Beverly Jenkins is Trailblazing Her Way onto Television
Social media was aflutter last week when Beverly Jenkins announced that Forbidden, the first novel in her Old West series, had been optioned by Sony Pictures Television in a first look deal via the Ripped Bodice partnership that was announced last year.
I can finally share this: Beverly Jenkins's FORBIDDEN, in which, a determined free-born black woman goes West and is drawn into a dynamic relationship with a man whose success and power conceal dangerous secrets, to Sony Pictures Television. 1/2
— Beverly Jenkins (@authorMsBev) November 20, 2019
This is the first official deal that has been made since the partnership between The Ripped Bodice and Sony Pictures Television was established in 2018, and I literally jumped up and down at my desk when I saw.
The Ripped Bodice Romance Bookstore Inks Overall Deal With Sony Pictures TV ❤️ – @Deadline https://t.co/IT71OqUfhZ
— Sony Pictures Television 📺 (@SPTV) September 12, 2018
While properties that have been optioned could take years to reach fruition, this was obviously a Big Ass Deal. (In both the industry sense and the more colloquial one.) Beverly Jenkins is a household name in romance. A trailblazer in her field, she published her first historical romance in 1994 and has been giving us amazing, well-researched romances (historical and contemporary) starring Black protagonists and other people of color for the past 25 years. It’s right and good that she would be the first creator to benefit from this partnership between The Ripped Bodice and Sony Pictures Television. Especially on the heels of the independent adaptation of her romantic suspense novel Deadly/Sexy. That movie, directed and born from an idea by Black romance author Iris Bolling, did not get a big cinematic distribution, but is available to rent or buy through Amazon.
Forbidden is the first in a series of three books about Eddy, who at the start of the story is near death from exposure and thirst in the Nevada desert, and Rhine, the white-passing businessman who nurses her back to health. The pair don’t get along immediately, and along with their own developing relationship, the two have to individually figure out what they want from life. I would love to see the series not only continue the story into Breathless and Tempest, but also maybe give us some background via Through the Storm, which was most of our introduction to Rhine Fontaine and his sister Sable. (And then, why not just add the whole LeVeq family to the bunch and keep it going for-e-ver.)
Like I said, this is a big deal. And will hopefully open the door for more Black-created properties—especially in romance; Reluctant Royals, anyone?—to be optioned for film and television. While we have more visibility in some circles, the number of Black authors and other authors of color being traditionally published is disgustingly small. The same can be said for romantic movies of all kinds, but especially romantic comedies and period film. Just look at the newest adaptation of Emma with what appears to be its all-white cast (especially since the only thing we’ve wanted in an Austen adaptation since Brandon Tyler’s twitter thread has been Persuasion starring Ruth Negga and Idris Elba). Or the most recent film with a protagonist of color that was purported to be a romantic comedy…and then turned out to not follow romcom convention. But this news, on top of the casting news from the Shondaland production of Julia Quinn’s Very White Bridgertons series, brings more hope for POC representation in historical romantic film and television in the future. We love to see it.

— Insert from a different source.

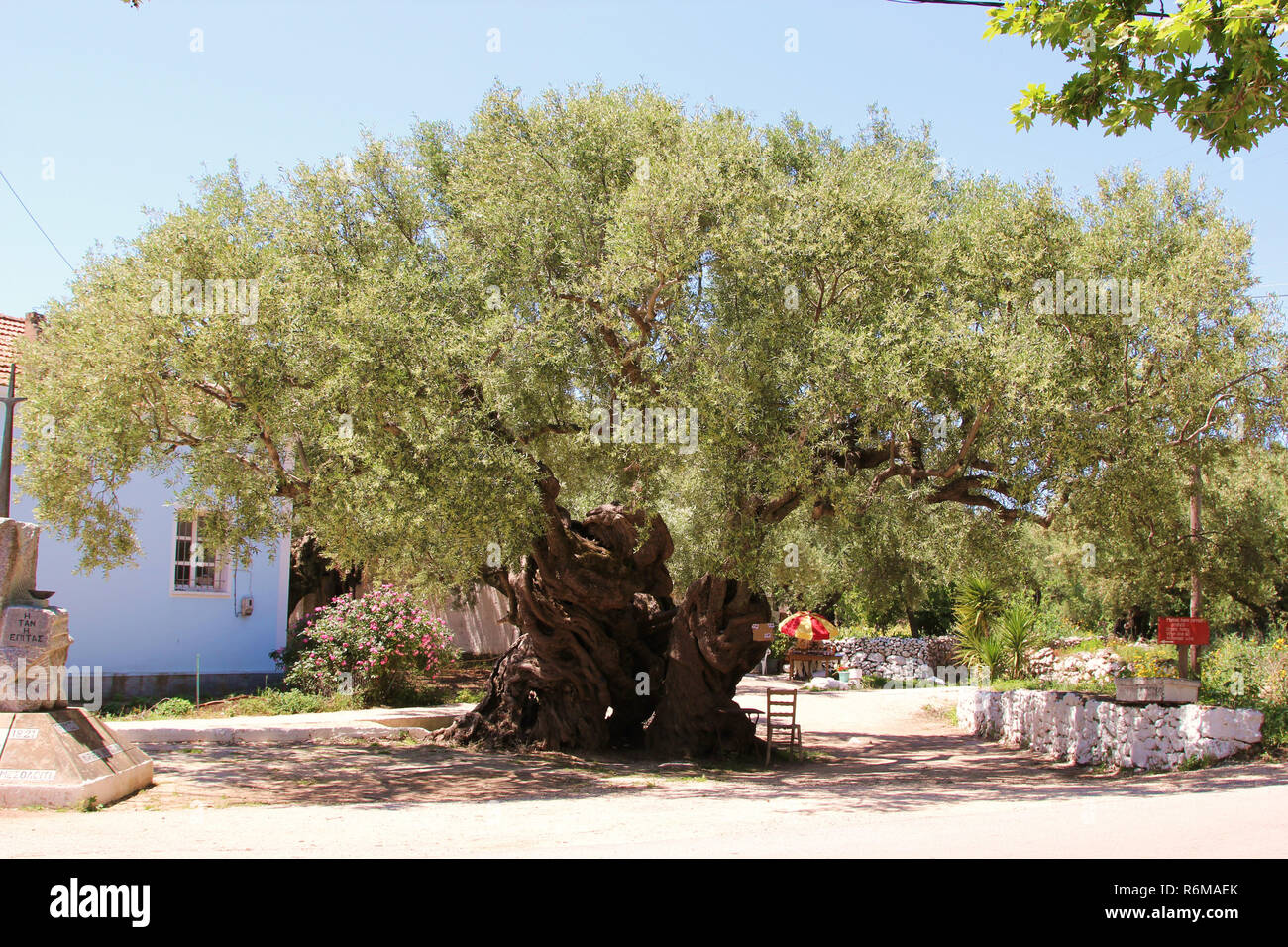 olive tree,about 2000 years old,in exo hora,greece,one of the oldest trees  in the world Stock Photo - Alamy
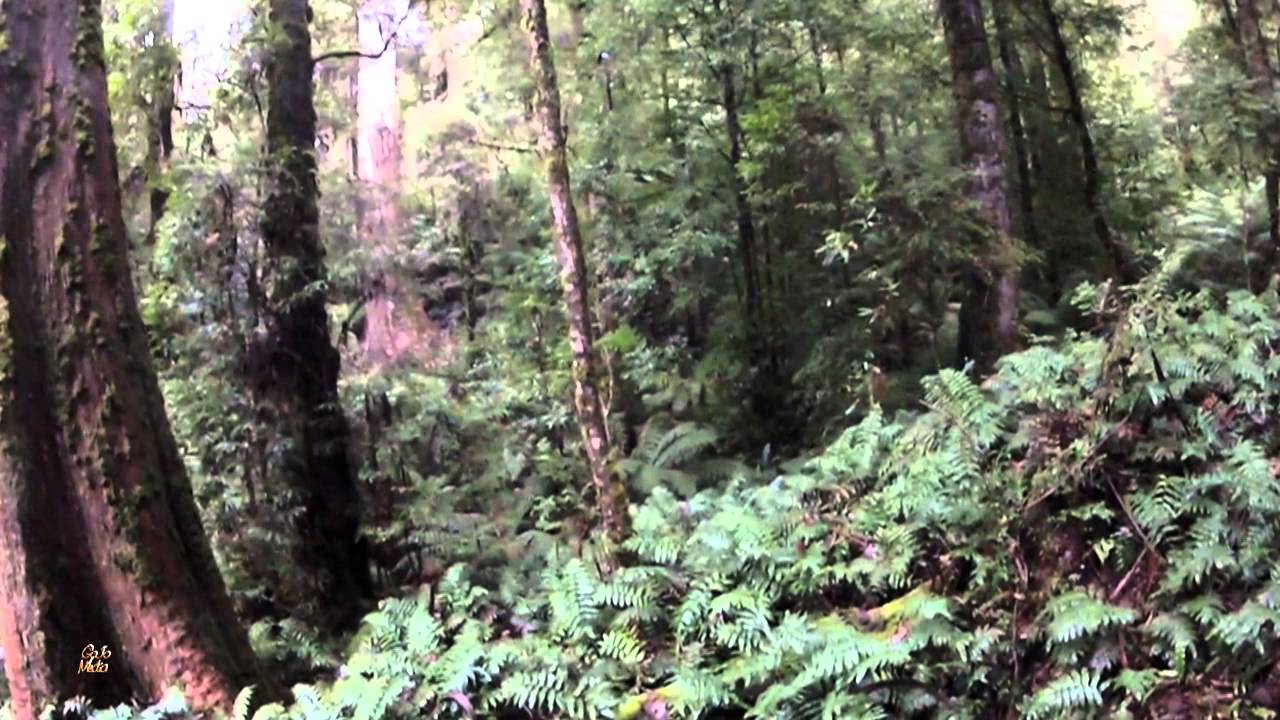 Corciolli - Highlander Ancient Forest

I’m looking forward to hearing more news about the show as it makes its way into development. So far, we don’t even know what network it would be released on—and since I have no idea how television actually works, I don’t even know what the options are. Do they produce a pilot and then pitch it to Netflix and Amazon? Do they push it to one of their affiliates and say “you’re airing this”? Either way, I’m excited to see Reconstruction-era Black folk striving and surviving. And if they keep it going into the other books in the series, I look forward to delighting in a historical depiction set in the foothills of the Catalina mountains, which I’m looking at as I type this. There’s so much history that we don’t get to see on television, and this is a great start. And it’s happy. I mean, yes, Rhine, Eddy and their families have to deal with some serious horrors in the post–Civil War West. But they also get to fall in love, to have rich, fulfilling lives, and to be a part of a community that is rarely depicted on any size screen.
But please, for the love of kissing, cast a white-passing Black actor as Rhine.